Coore and Crenshaw built a version of the Lion’s mouth at their famed Sand Hills. This par-4 plays 367 yards, with the left side of this boomerang-shaped green more accessible than the right. There are fairway bunkers on the right side to contend with when setting up your approach. Coore and Crenshaw also built a Lion’s Mouth green on 13th of the Sandbox short course at Sand Valley.

Rustic Canyon 13th

Gil Hanse, Jim Wagner, and Geoff Shackelford used the idea to build a par-5 here. This changes the strategy and adds some safer ways to play, but with a smaller chance at eagle or birdie. Even if you lay up, you’re forced to think about the best angle to approach the green with the difficult front bunker. A bunker in the middle of the fairway means the interest on this hole starts long before you reach the green. This California course is full of awesome holes worth checking out.

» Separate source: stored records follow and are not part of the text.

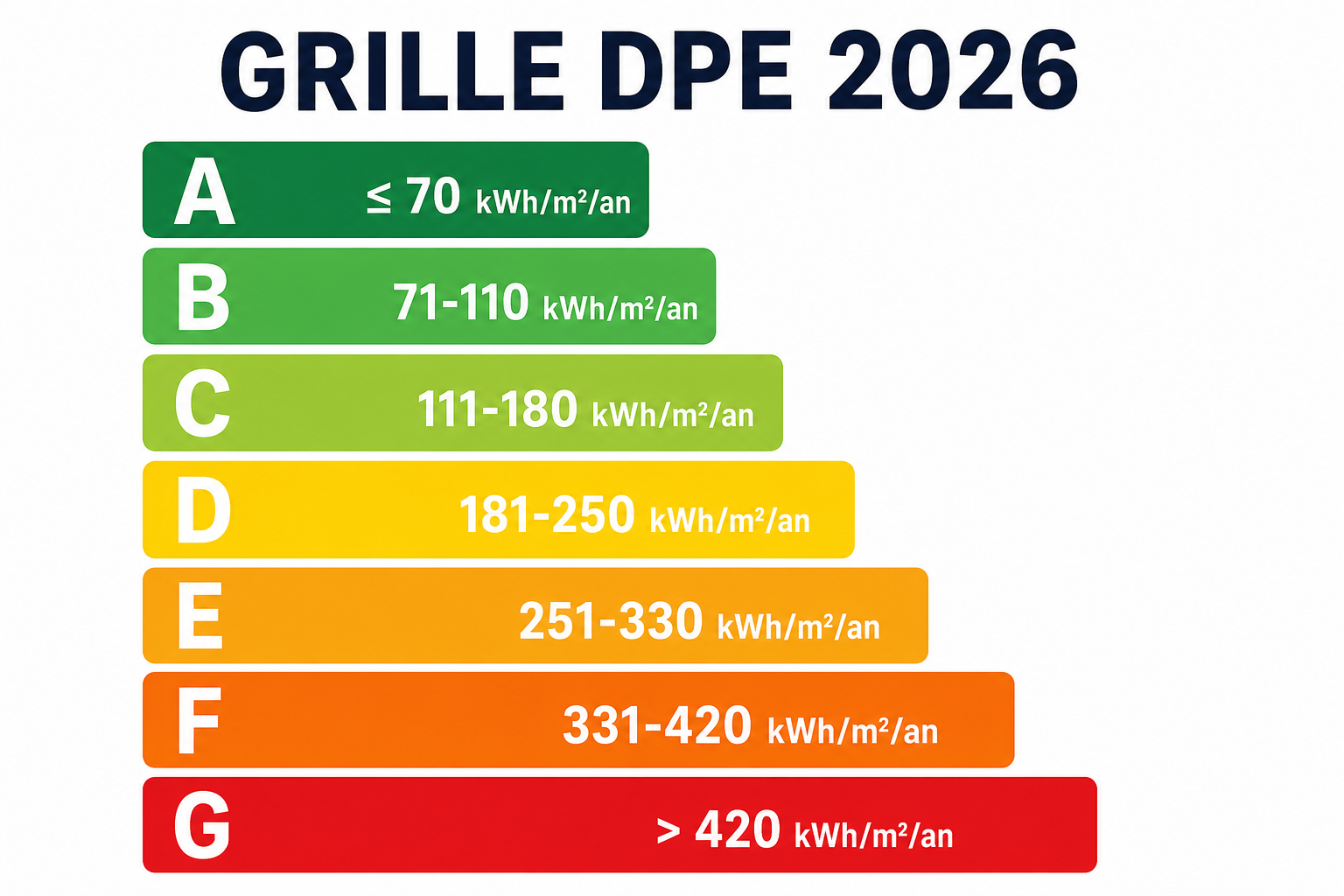 Grille DPE 2026 avec les classes A à G et les seuils de consommation en kWh par m2 par an
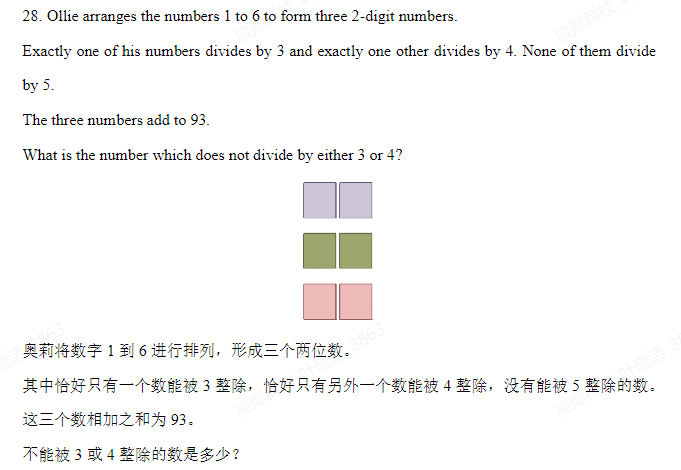 澳洲AMC级别A考试时间安排及难题分析！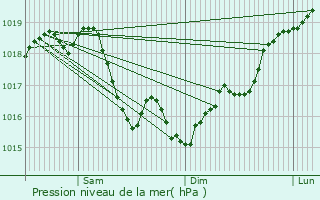 Graphe de la pression atmosphrique prvue pour Nully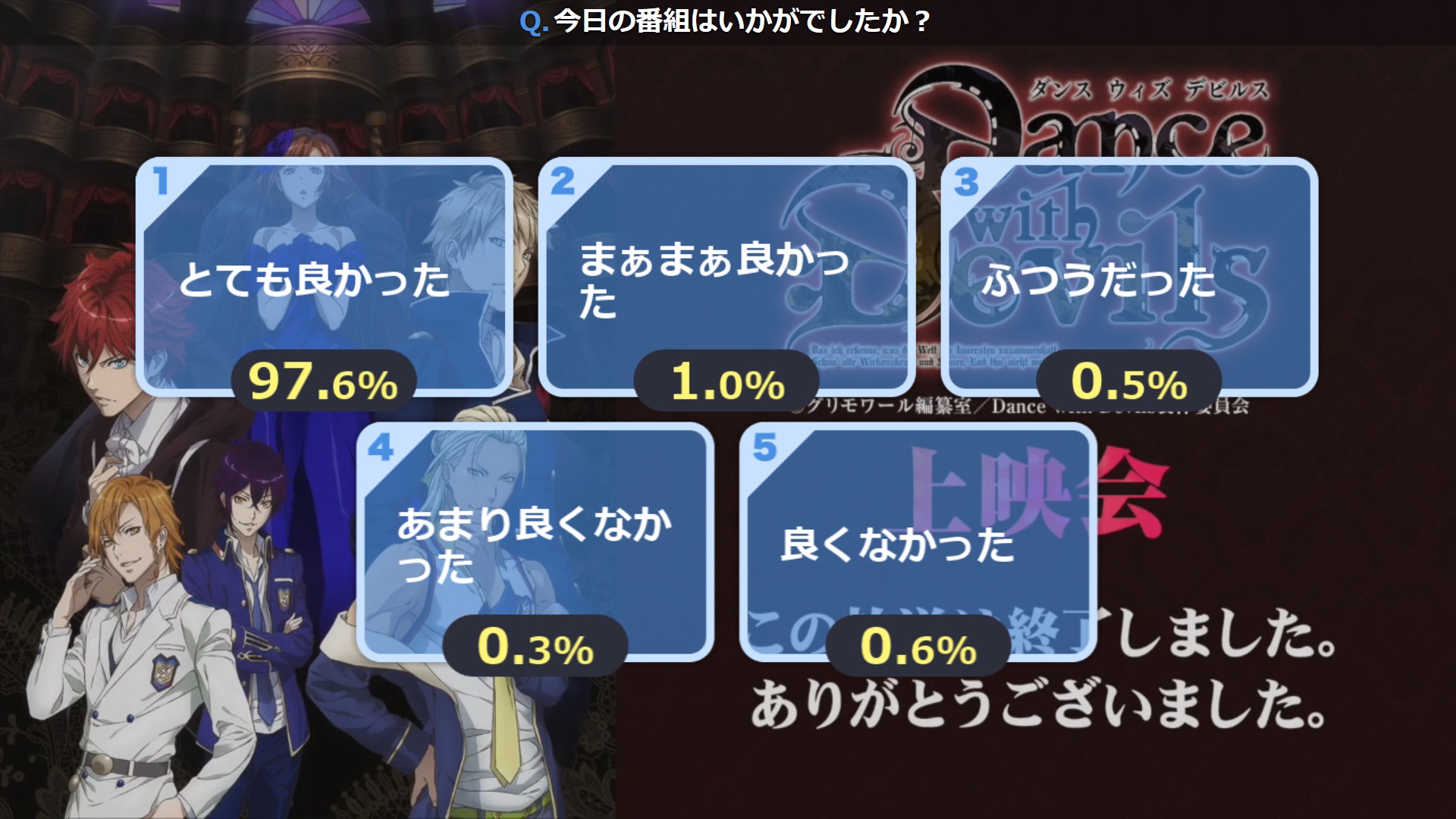 15秋アニメ Twitter Search Twitter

Essex County Country Club 14th

This is a shorter par-4, only 328 yards from the tips. There is a bunker guarding the right side of fairway for longer hitters, or you can lay a bit further back. Either way, the “kidney shaped” green will be no piece of cake with the lion’s mouth bunker guarding the front. The green has more depth than Charleston, making the aerial attack a bit easier, but also leaving room for more pinnable area.

Wade Hampton 14th

This 410-yard par-4 has bunkers guarding both sides of the fairway as the hole turns gradually to the right. Being down that side gives a shorter approach, but there are plenty of bunkers to make you think. The biggest factor though is the bunker seeping up into the green with short fringe on either side. This Tom Fazio design in the mountains of North Carolina makes this a beautiful walk even if the Lion gets you between his teeth.